Energy shares ended mixed, with Oil Search easing 0.4 percent and Santos retreating 1.3 percent, while Woodside added 0.7 percent. Shares of AGL Energy were placed in a trading halt after announcing a $875 million share sale. Aquarius Platinum slumped 6.6 percent after a loss of production at its Mimosa mine in Zimbabwe due to a fire.
South Korea's Kospi average rose 0.3 percent in thin trading, with builders leading the gainers on bagging new orders, though the broader market remained sluggish on reports of divisions among European leaders over how best to tackle Europe's fiscal woes. Daelim Industrial rose 1.7 percent after it won a $776 million project in consortium with Japanese trading house Sojitz Corp to build a coal power plant in Vietnam.
New Zealand shares fell, with the benchmark NZX-50 index easing 0.4 percent, after the government unveiled a budget aimed at returning to fiscal surplus in 2014/15. The fiscal surplus for the year ending June 2015 is seen at NZ$197 million and forecast to grow to NZ$2.1 billion and NZ$4.4 billion in 2015/16 and 2016/17, respectively. "These surpluses will allow the government to rebuild New Zealand's resilience to further shocks, help lift national savings, keep interest rates lower for longer, take pressure off the exchange rate, and reduce future finance costs," Finance Minister Bill English said.
Outdoor clothing and equipment company Kathmandu Holdings paced the declines on the exchange, falling 3.8 percent, while Rakon, Fletcher Building and Nuplex lost 2-3 percent. Whiteware manufacturer Fisher & Paykel Appliances rose 2.8 percent after the company beat its full-year guidance while posting a 45 percent drop in full-year profit. Guinness Peat Group gained 2.1 percent after Sir Ron Brierley retained his seat on the board of the investment company in a shareholder vote.
India's benchmark Sensex was last trading up 1.5 percent, as a steep hike in petrol prices fueled speculation that the government may hike diesel and LPG prices on Friday to cut the fuel subsidy bill and counter the perception of government inaction that has lowered the credibility of the UPA government among overseas investors.

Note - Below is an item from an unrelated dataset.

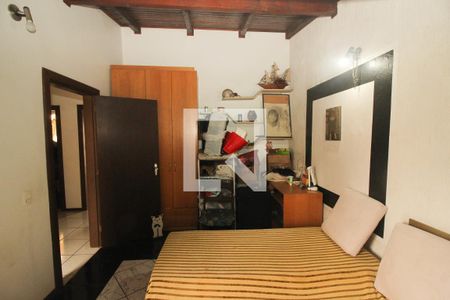 Casa à venda com 254m², 4 quartos e 5 vagas Casa à venda com 254m², 4 quartos e 5 vagasQuarto 2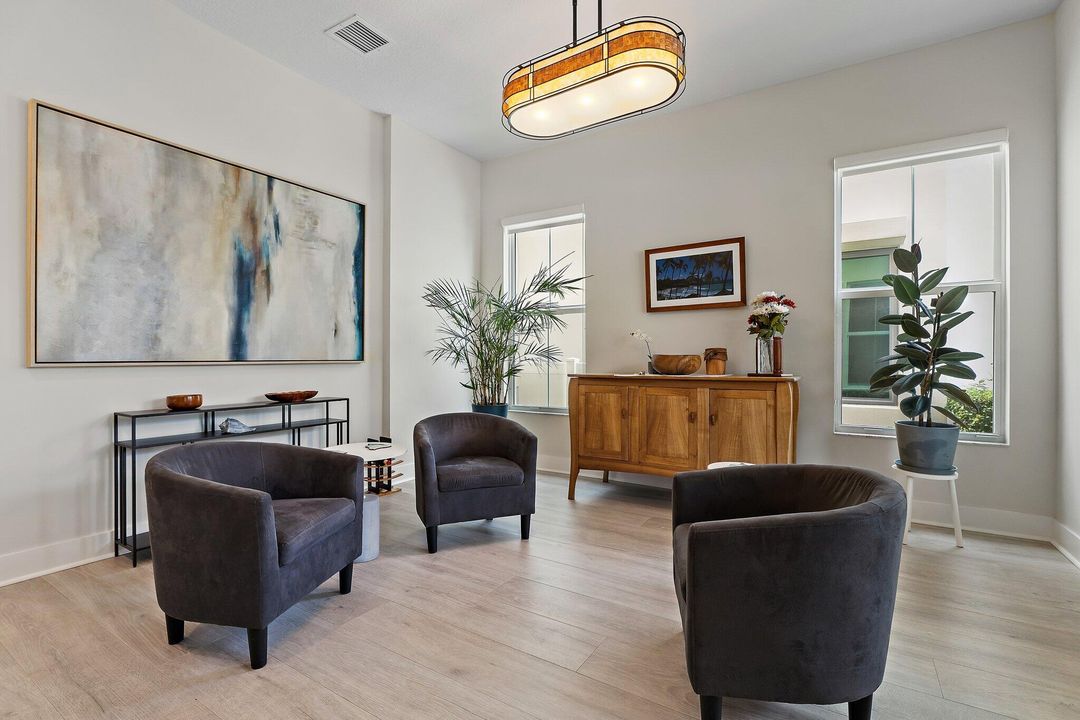 Под контрактом: $1,695,000 (4 спален, 5 ванн, 3760 Квадратных фут)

Elsewhere, Indonesia's Jakarta Composite index and Singapore's Straits Times were little changed and Malaysia's KLSE Composite was up 0.6 percent, but the Taiwan Weighed average eased 0.3 percent.
On Wall Street, stocks staged a late-day recovery overnight, with data showing a bigger than expected increase in U.S. home sales in April and reports that the European Union was considering a bank deposit guarantee scheme offering some support. The tech-heavy Nasdaq rose 0.4 percent and the S&P 500 added 0.2 percent, but the Dow slipped 0.1 percent.